##### DATASET #####
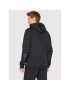 adidas Mikina Sprt Fleece HE4701 Černá Regular Fit - Pepit.cz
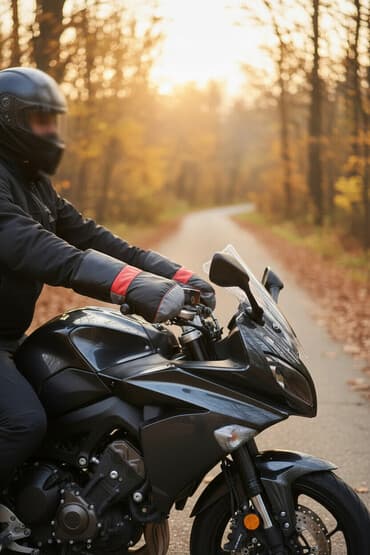 сумка портфель converse: Перчатки, варежки, Унисекс, Б/у — 1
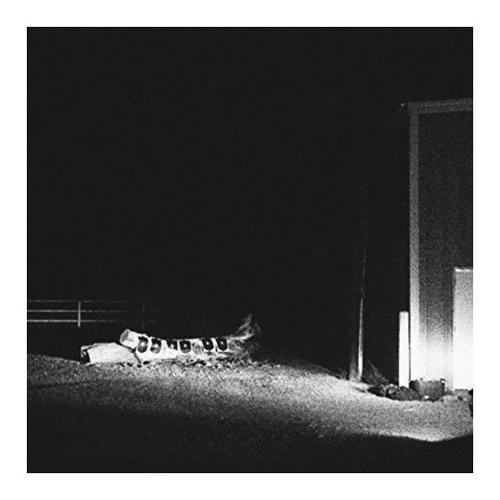 Audio Vinile Last Building Burning - Cloud Nothings CRPK701301.1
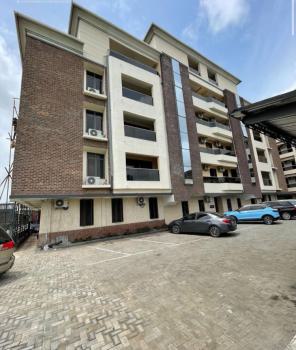 Gorgeous, Warm, Opulent Living with a Fabulous Feel, Ikoyi, Lagos, Block of Flats for Sale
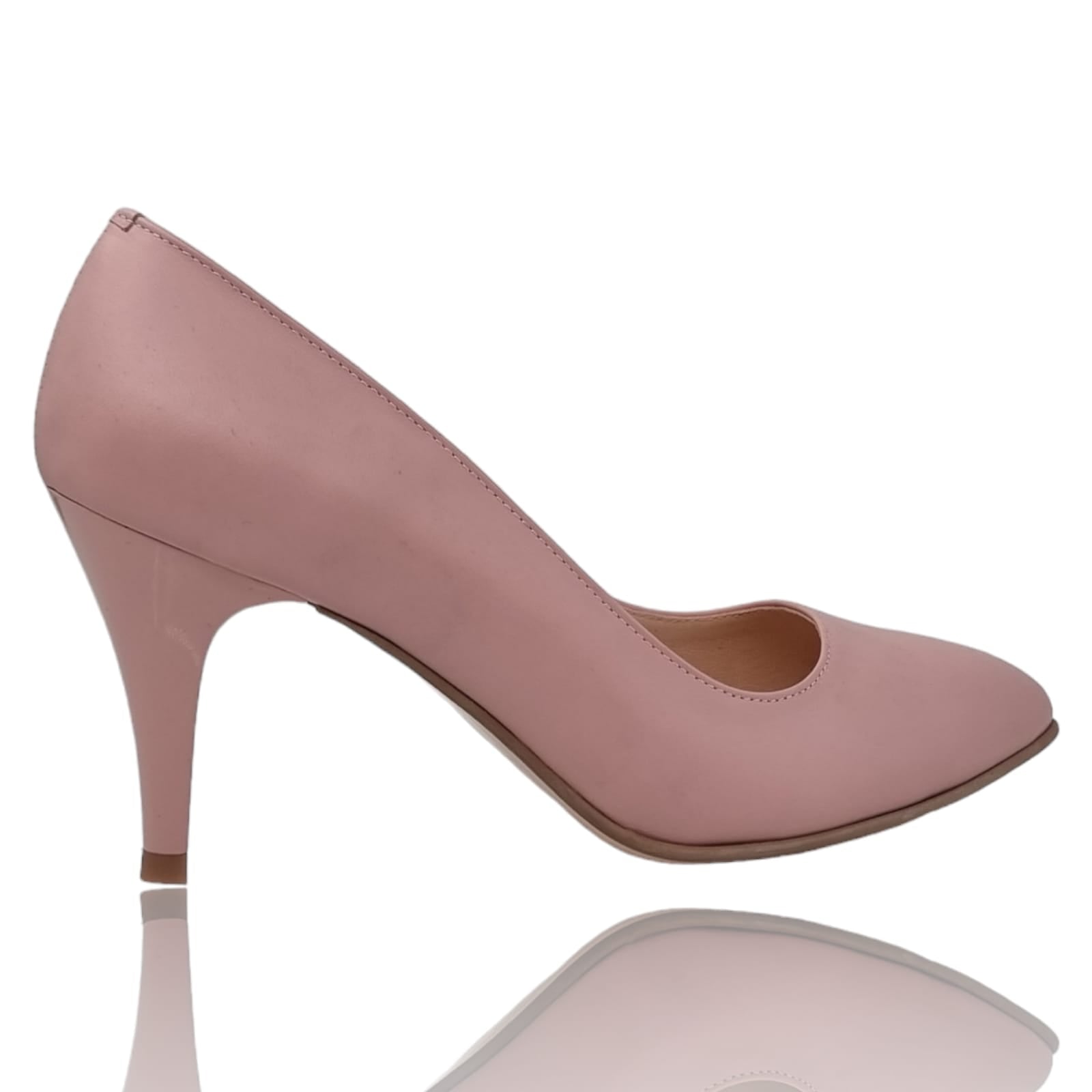 Pantofi Damă Eleganți Din Piele Naturală 20311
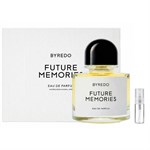 Byredo Future Memories - Eau de Parfum - Duftprobe - 2 ml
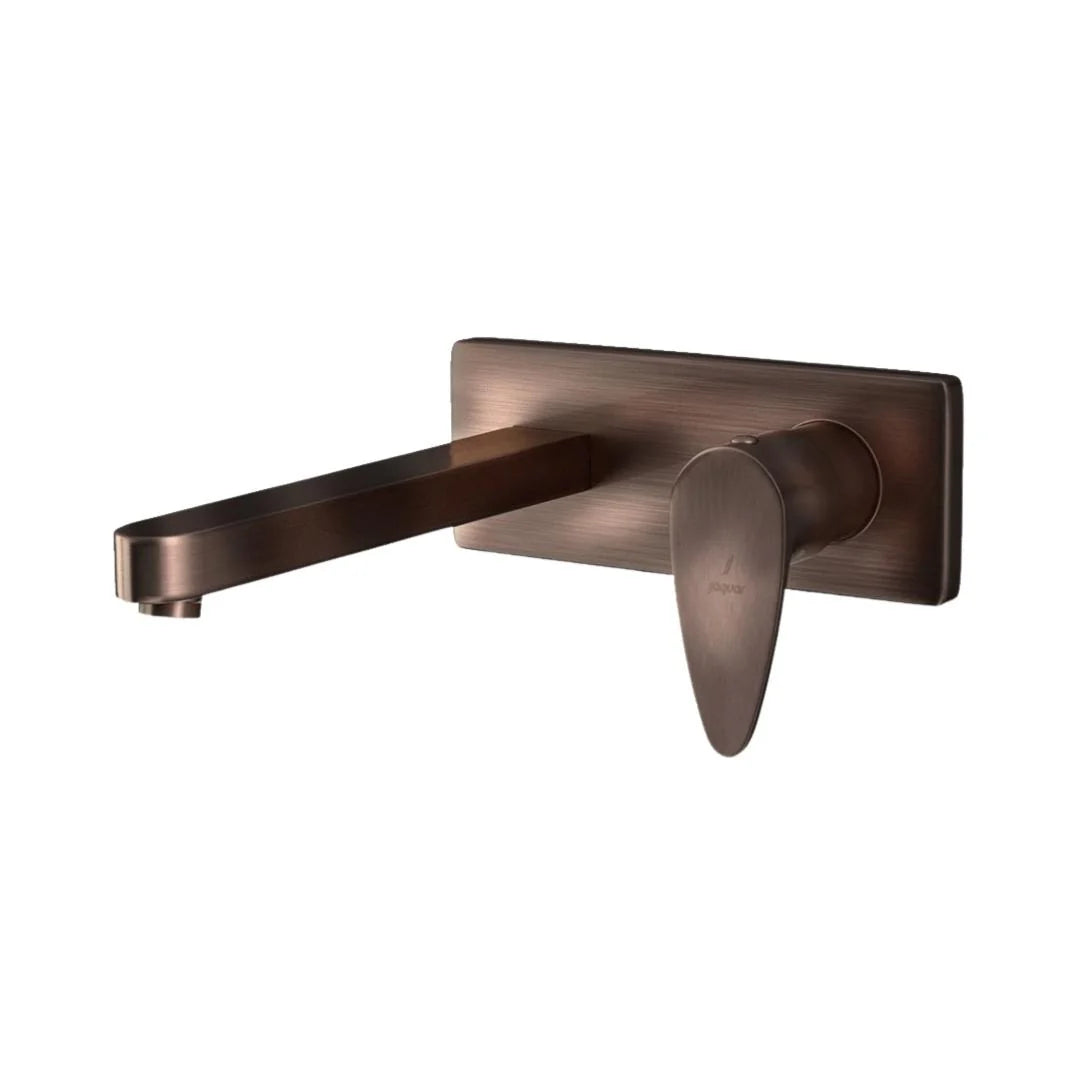 Jaquar Wall Mounted Basin Tap Vignette Prime VGP-ACR-81441K - Antique Copper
#####
# WHAT THE TASK REQUIRES
Retype exactly, please, the span from the line holding "Audio Vinile Last" through the closing line of the data, both ends included, without the pictures.

# SOLUTION BELOW
 Audio Vinile Last Building Burning - Cloud Nothings CRPK701301.1
 Gorgeous, Warm, Opulent Living with a Fabulous Feel, Ikoyi, Lagos, Block of Flats for Sale
 Pantofi Damă Eleganți Din Piele Naturală 20311
 Byredo Future Memories - Eau de Parfum - Duftprobe - 2 ml
 Jaquar Wall Mounted Basin Tap Vignette Prime VGP-ACR-81441K - Antique Copper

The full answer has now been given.